Uni Göttingen begleitet das Projekt
Für Transparenz und inhaltliches Feedback hat Irskens bereits mit Start im Mai 2022 Wissenschaftler der Universität Göttingen in das Projekt eingebunden. Denn die Regulierung durch die EU sei das eine, so Irskens. "Aber es kann ja sein, dass uns die Regulierung an der einen oder anderen Stelle gar nicht weit genug geht und wir weitere Pflichten für die Justiz beim Einsatz von KI sehen." Etwa dann, wenn Teile eines Urteils mit KI-Hilfe entstanden sind und man die entsprechenden Stellen kennzeichnen müsse. Anfang kommenden Jahres sollen die begleitenden Wissenschaftler eine erste Bilanz ziehen.
Den Projektverantwortlichen im Ministerium war wichtig, kein KI-Programm von der Stange zu nehmen. Das "Maki"-Tool stammt aus einer deutschen Software-Schmiede, von der Firma SINC in Wiesbaden. Sie hat bereits das System der elektronischen Akten in Niedersachsens Gerichten aufgesetzt.
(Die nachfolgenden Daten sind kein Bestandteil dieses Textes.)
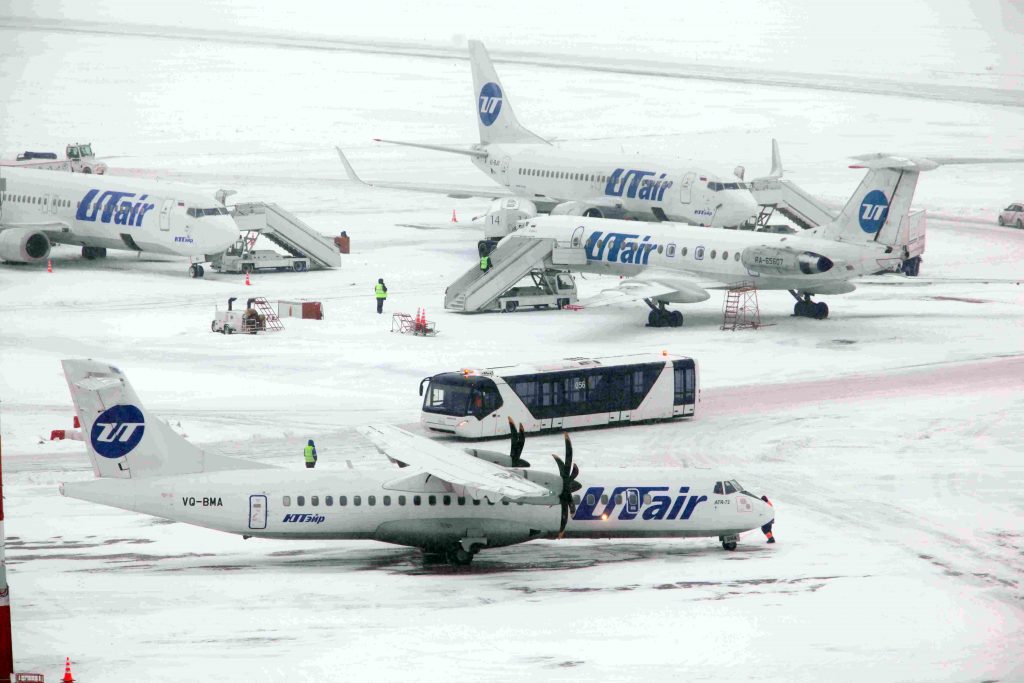 Аэропорты Москвы отменили более 30 рейсов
Amtsrichter Dach zieht zum KI-Projekt ein positives Zwischenfazit: Die Künstliche Intelligenz, sagt er, könne die Arbeit der Justiz beschleunigen - ein Robo-Richter aber drohe nicht.
Außer am Amtsgericht Hannover wird die KI in Niedersachsens Justiz auch an den Landgerichten Hildesheim und Osnabrück sowie dem Oberlandesgericht Braunschweig erprobt.